Christy Strawser, CBS Detroit, October 10, 2013
Once a popular young politician, disgraced former Detroit Mayor Kwame Kilpatrick was ordered to spend 28 years behind bars on his convictions for racketeering, bribery, extortion and tax crimes.
“I think everyone here understands Mr. Kilpatrick was convicted of running a criminal enterprise,” Judge Nancy Edmunds said, adding the enterprise started while he was still in the state House of Representatives and continued through all six years he was in the mayor’s office. Edmunds said the scheme to steer contracts to pal Bobby Ferguson made projects more costly for a city that couldn’t afford it and drove contractors out of business.
The judge laid bare the accusations against Kilpatrick of fake jobs for family and friends, lavish parties, pay to play schemes, and secret affairs, saying he “has generally shown little remorse” for a bevy of infractions. She said it was sad he chose to “waste his talent on personal enrichment and aggrandizement,” when he had so many talents that could have helped the city.

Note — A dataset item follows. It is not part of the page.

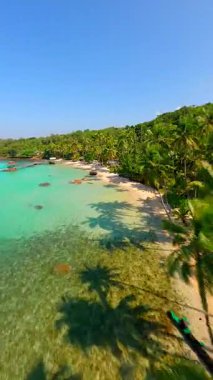 Tayland 'daki Koh Kood adasında, tropikal plajda, palmiye ağaçları, beyaz kum ve kristal berrak turkuaz deniz üzerinde uçan FPV uçağı. Egzotik kıyı şeridi ve cennet manzarasının havadan görünüşü.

Edmunds called it “devastating corruption” that bred a corrosive environment, cynicism and apathy among people who could have been convinced to boost Detroit. “We lost transparency, we lost accountability,” Edmunds said, adding her sentence was meant to show the public demands both.
“That way of doing government is over, it’s done,” she said.
Kilpatrick spoke eloquently in his own defense immediately before the sentence was handed down, giving a lengthy talk full of apologies and self-reflection in a subdued voice that riveted the packed courtroom and overflow room.
“I just humbly and respectfully ask for a fair sentence … I respect the jury’s verdict. I think your honor knows I have disagreed in terms of the specific things I was found guilty on, but I respect the verdict and I also respect the American justice system,” he said.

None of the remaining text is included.